Interactive Advertising Bureau CEO Randall Rothenberg calls the effort to determine which cookies should be blocked or allowed a “Kangaroo Cookie Court” that will hurt small Internet publishers.
The Center for Internet and Society at Stanford Law School is working with Mozilla on a project called the Cookie Clearinghouse to try to improve Internet privacy controls.
The Interactive Advertising Bureau, a group that represents hundreds of Internet advertisers, has attacked Mozilla’s involvement in a Stanford Law School privacy project to judge whether individual Web sites can be trusted to set behavior-tracking browser cookies.
The IAB doesn’t like the Cookie Clearninghouse, which Stanford’s Center for Internet and Society and Mozilla announced on June 19. The project aims to rate individual to bring privacy ratings for browser cookies — the small text files that Web site operators can store on people’s computers.
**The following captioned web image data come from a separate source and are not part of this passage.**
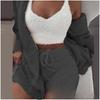 Women's Loose Fit Three Piece Loungewear Long Sleeve Fuzzy Cardigan V Neck Tank Drawstring Waist Shorts Winter Solid Tracksuit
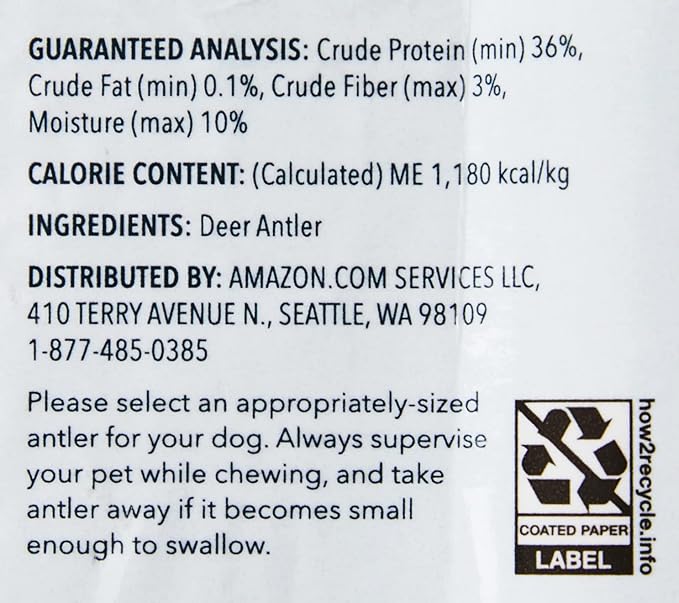 Amazon Brand - Wag Deer Antler Chew for Dogs, Naturally Shed, Whole, Medium 6 - 7.5 inches, Best for Dogs 15-30 lbs, 1.80 Ounce (Pack of 1)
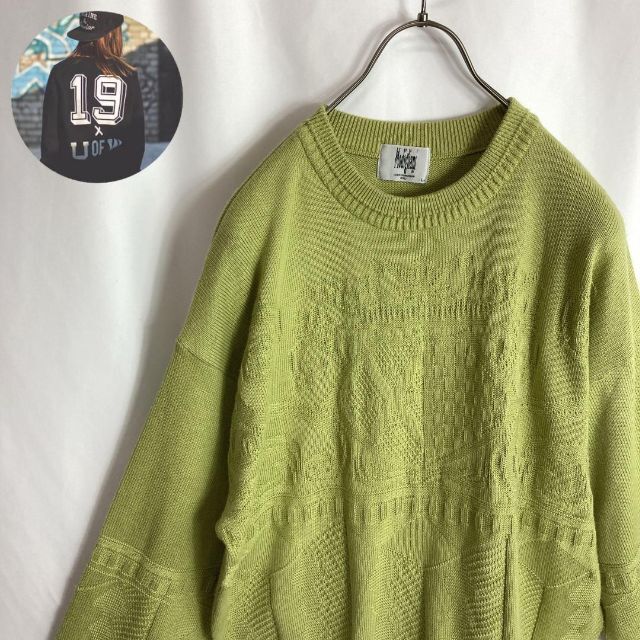 レトロ セーター ジャガード編みボックスシルエット ヨーロピアン 緑色L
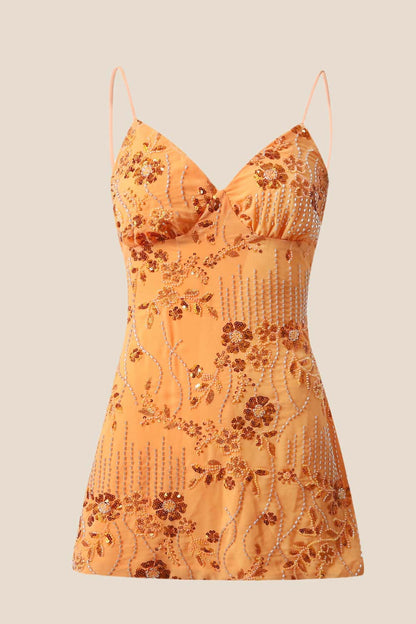 Red Beaded Straps Fitted Mini Dress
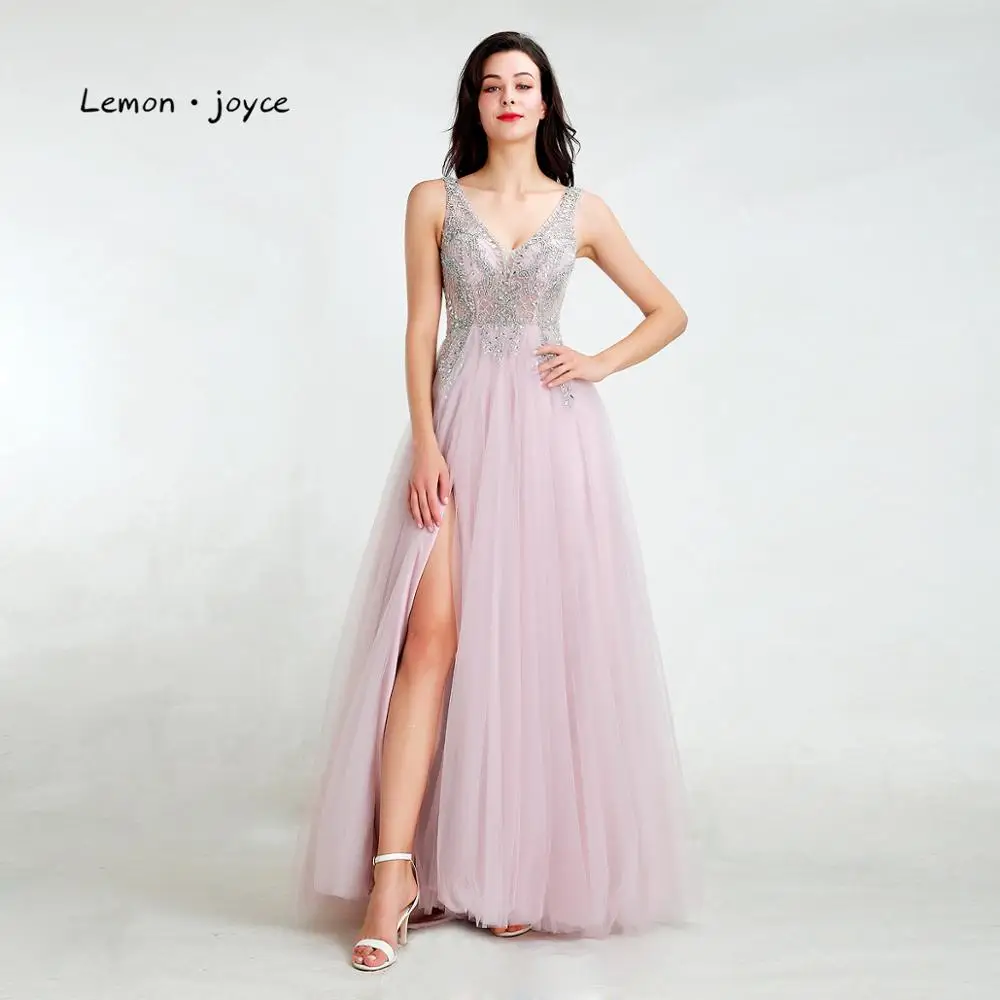 Lemon joyce Элегантное Длинное платье для выпускного вечера 2020 сексуальное с v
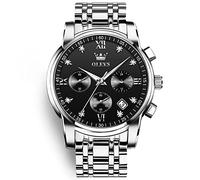 OLEVS Mens Watches Classic Black Roman Numerals Dial Diamond Men's Watch Big Face Silver Stainless Steel Analog Quartz Watch Men Luminous Waterproof with Date Chronograph Watches for Men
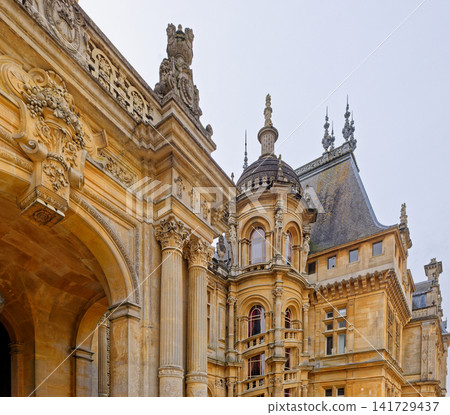 Ornate architectural details and Renaissance Revival tower turret at Waddesdon Manor Ornate architectural details and Renaissance Revival tower turret at Waddesdon Manor 141729437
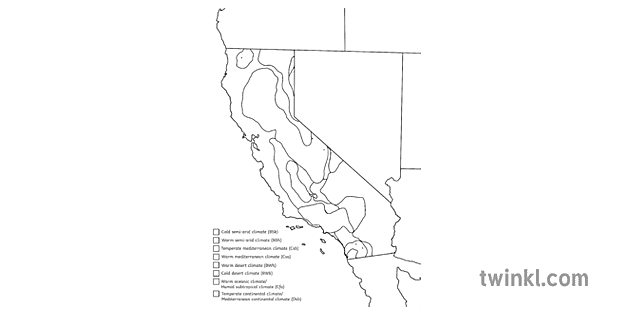 Kalifornijos Klimato žemėlapis žemėlapis Kalifornija Jav Jav Ks2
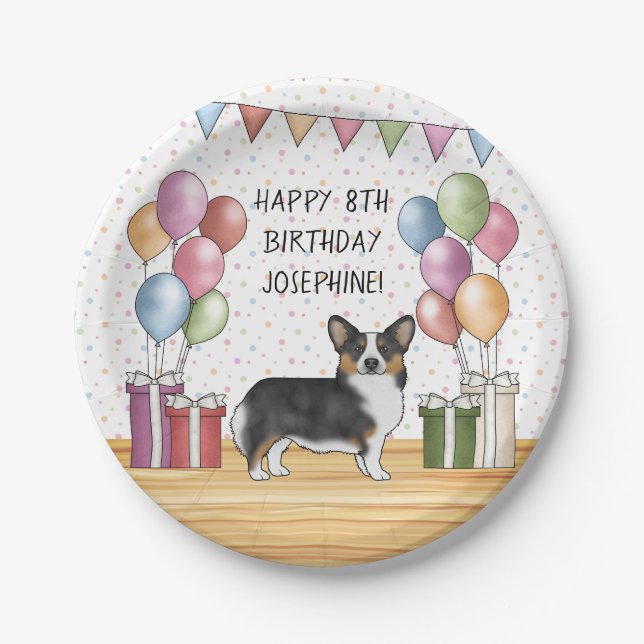 Black Tricolor Pembroke Welsh Corgi Happy Birthday Paper Plates (Front)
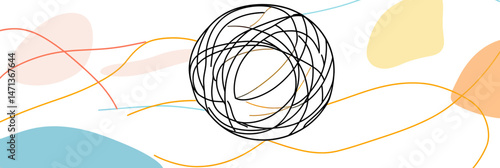 Abstract ball of yarn continuous one line art drawing with flowing thread strands and colorful organic shapes minimalist vector design for creative projects and illustrations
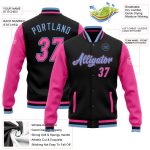Custom Two-Tone Bomber Jacket with Name and Number - Personalized Black Pink-Light Blue Varsity Letterman Full-Snap Outerwear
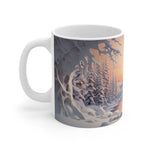 Mug with a winter landscape design featuring trees and snow on a white background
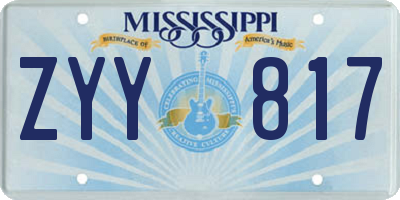 MS license plate ZYY817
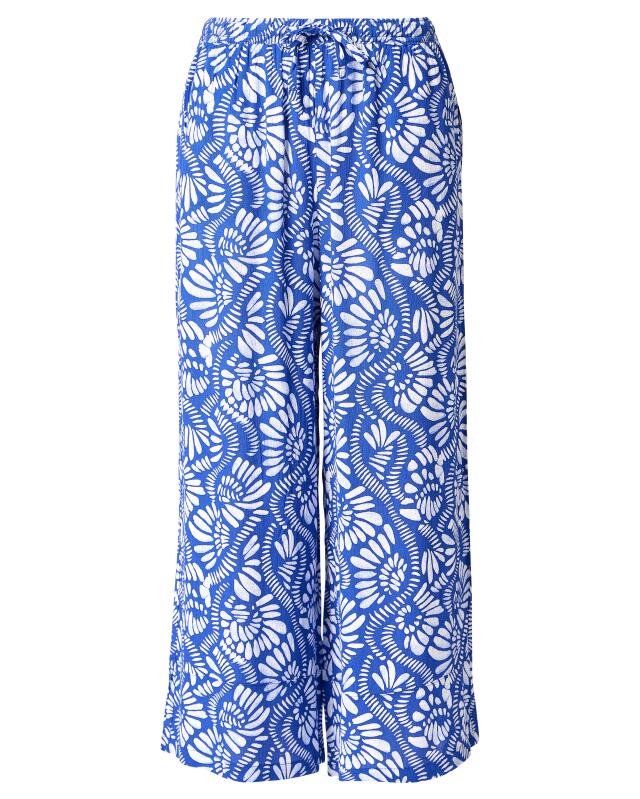 سروال 7/8 من الفيسكوز للنساء، أزرق مطبوع (KiK 7/8-Hose aus Viskose (blau bedruckt)) — KiK, منتج ألماني أصلي في المغرب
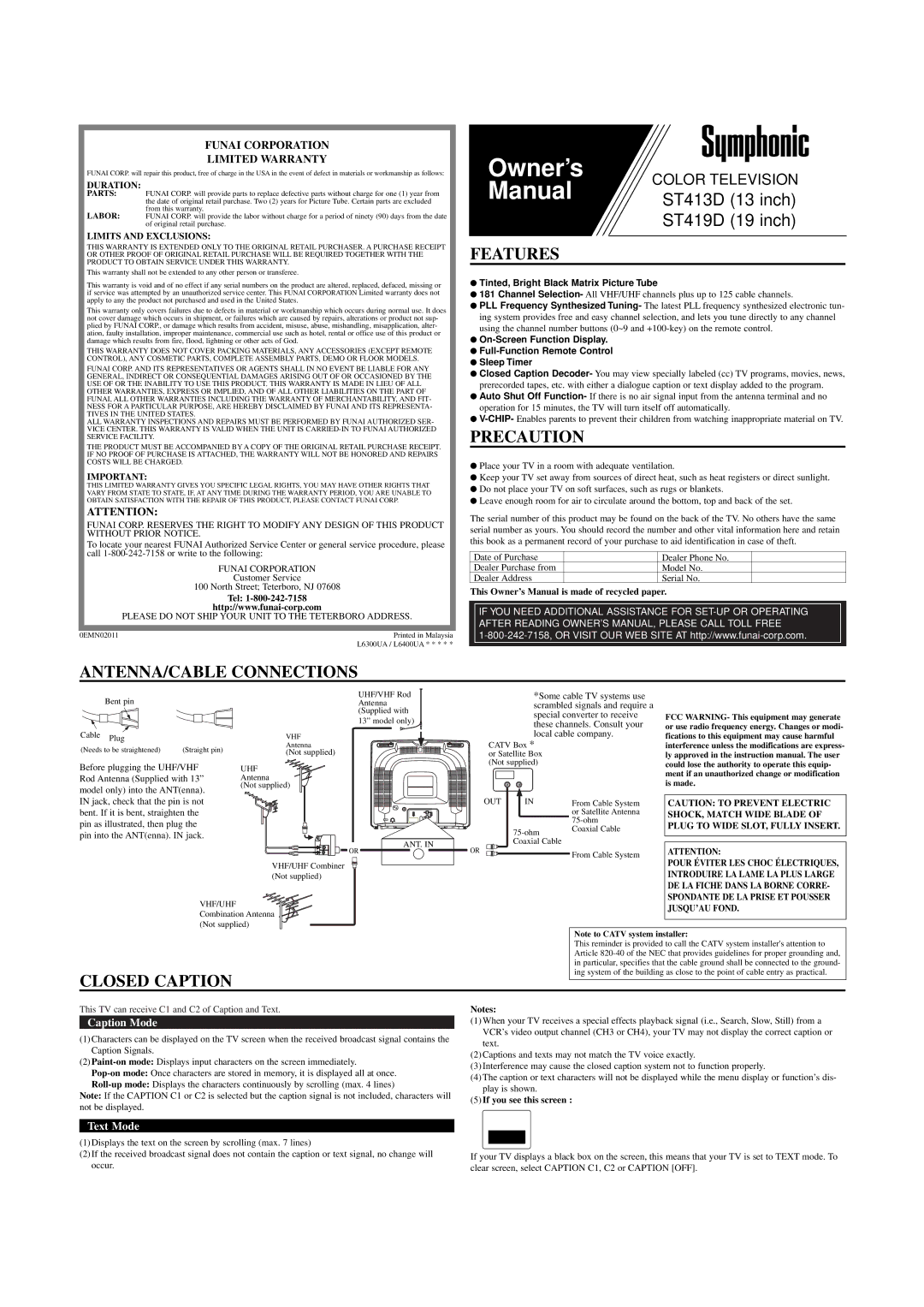 Symphonic ST413D, ST419D owner manual Features, Precaution, ANTENNA/CABLE Connections, Closed Caption 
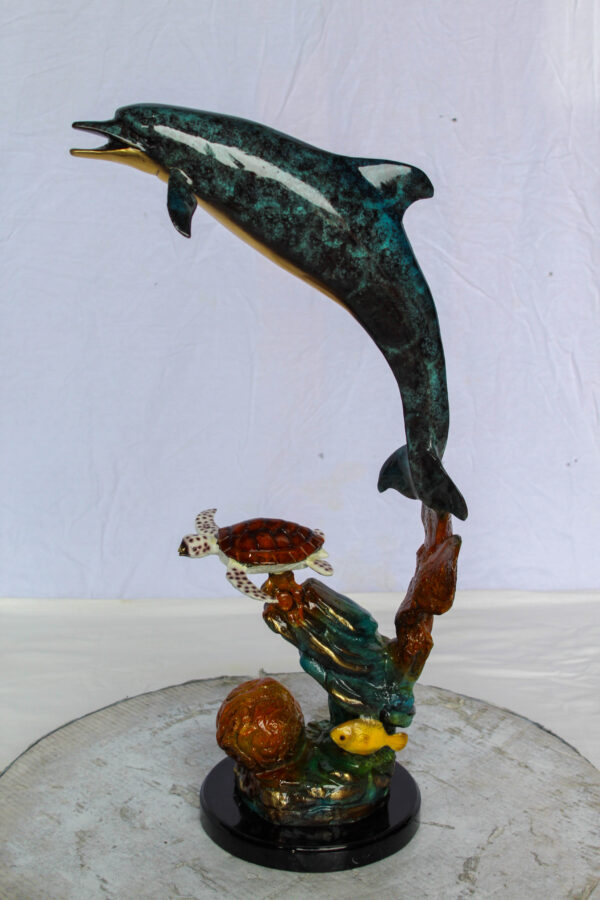 Bronze Dolphin and Turtle Statue Ocean Reef Art Décor 8" x 13" x 25"H - Image 10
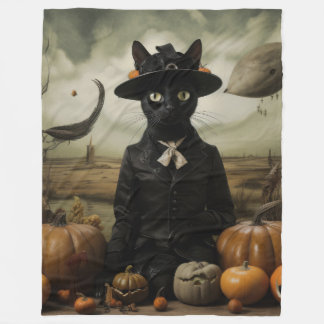 Witch Cat with Pumpkins  Fleece Blanket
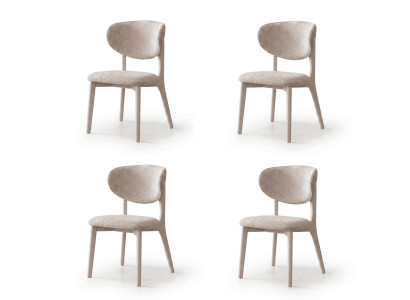 Design Stühle Set Luxus Polsterstuhl Beige Modern Bouclé Küchenstuhl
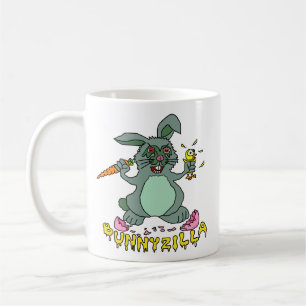 Funny Easter Bunny Cute Bunnyzilla Rabbit Cartoon Koffiemok
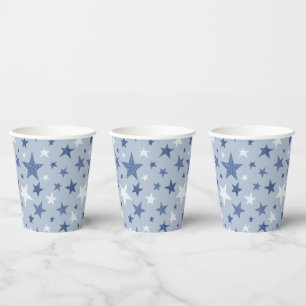 Cute Kids Blue Stars Paper Cups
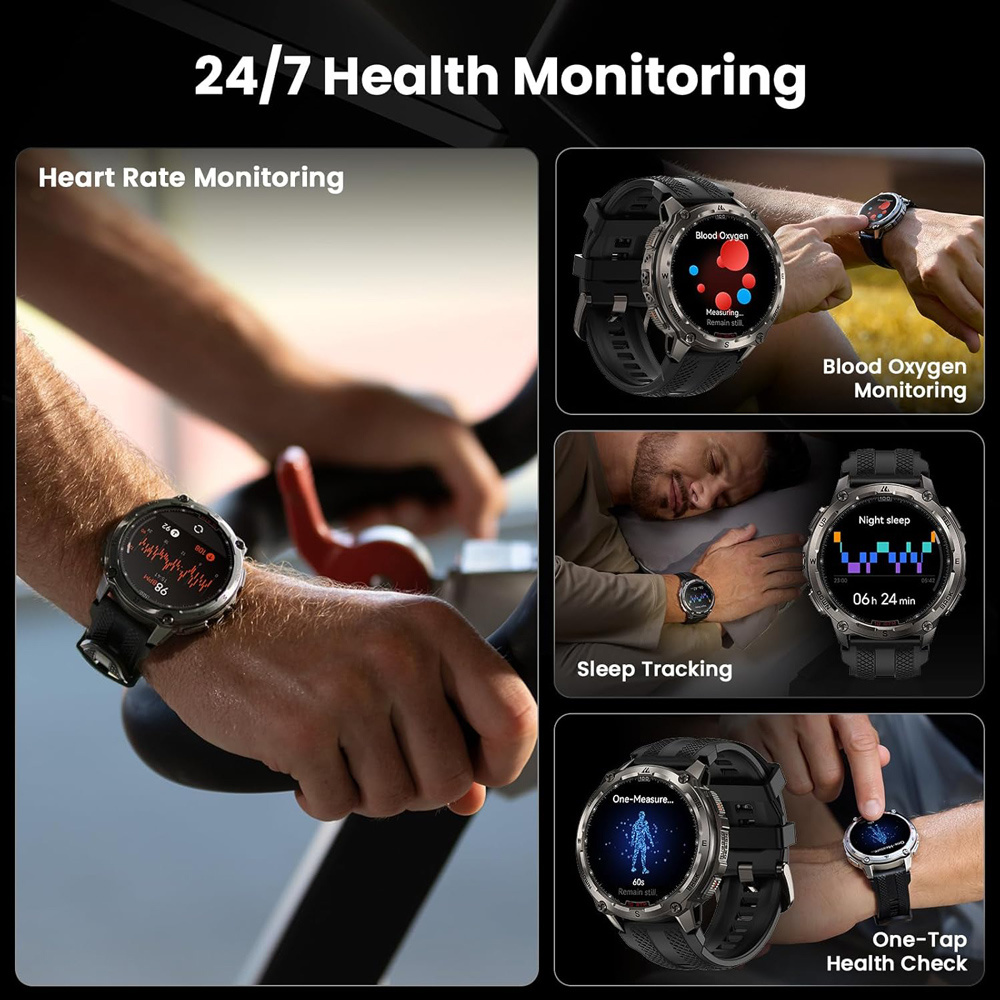 KOSPET smartwatch TANK T4, heart rate, 1.43" AMOLED, GPS, 10 ATM & IP69K, μαύρο - Image 8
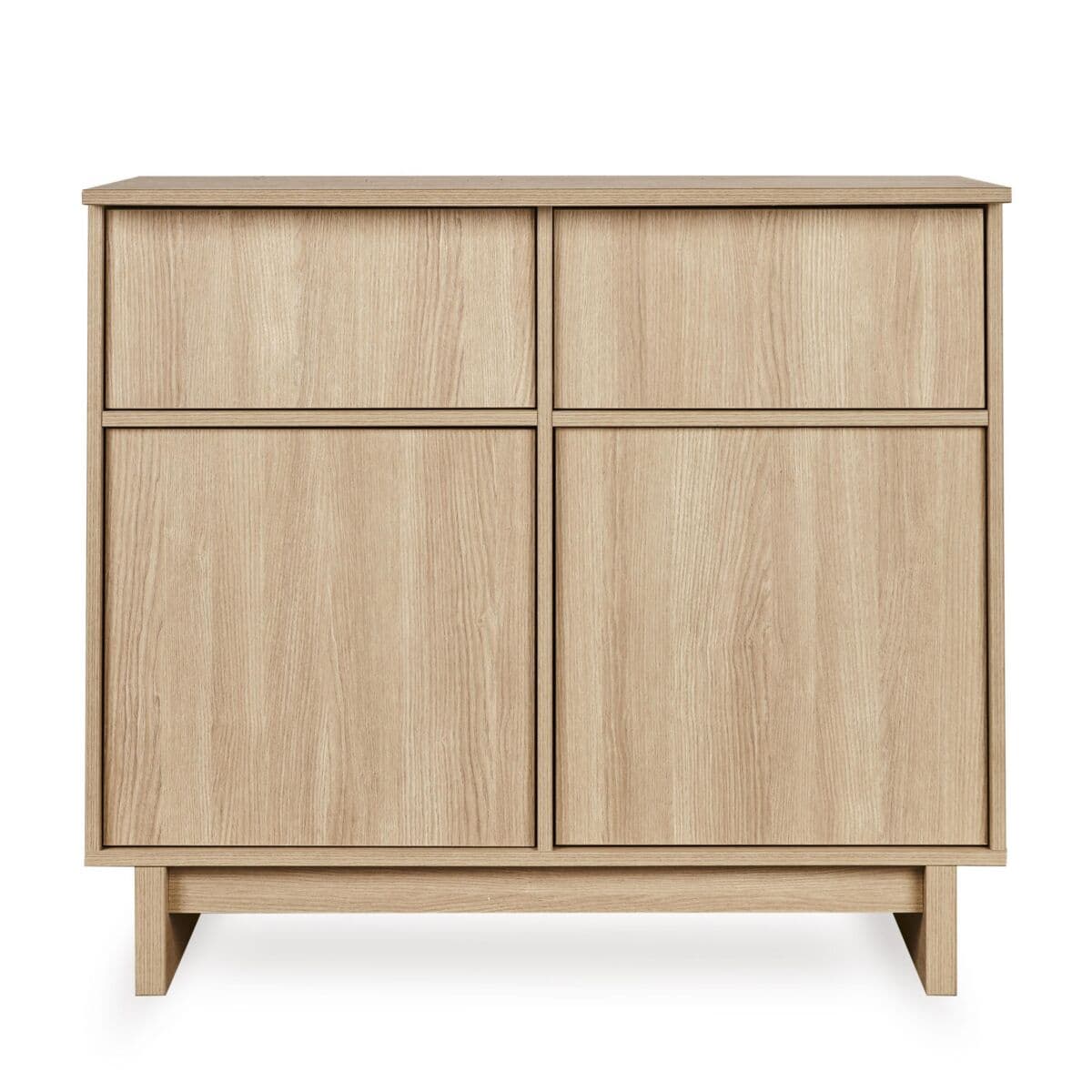 A contemporary cabinet with a light wood finish. It features a rectangular top, and the front is divided into four panels. The top two panels appear to be drawers, while the bottom two are cabinet doors. The unit is supported by a plinth and four tapered legs. — 3D model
Cookies can be useful for remembering that you’re logged into a site or for not showing you the same ad over and over, but they can also track behavior across the Web so advertisers see what Web sites you’ve been visiting.
“The Cookie Clearinghouse will develop and maintain an ‘allow list’ and ‘block list’ to help Internet users make privacy choices as they move through the Internet. The Clearinghouse will identify instances where tracking is being conducted without the user’s consent, such as by third parties that the user never visited,” the project organizers said.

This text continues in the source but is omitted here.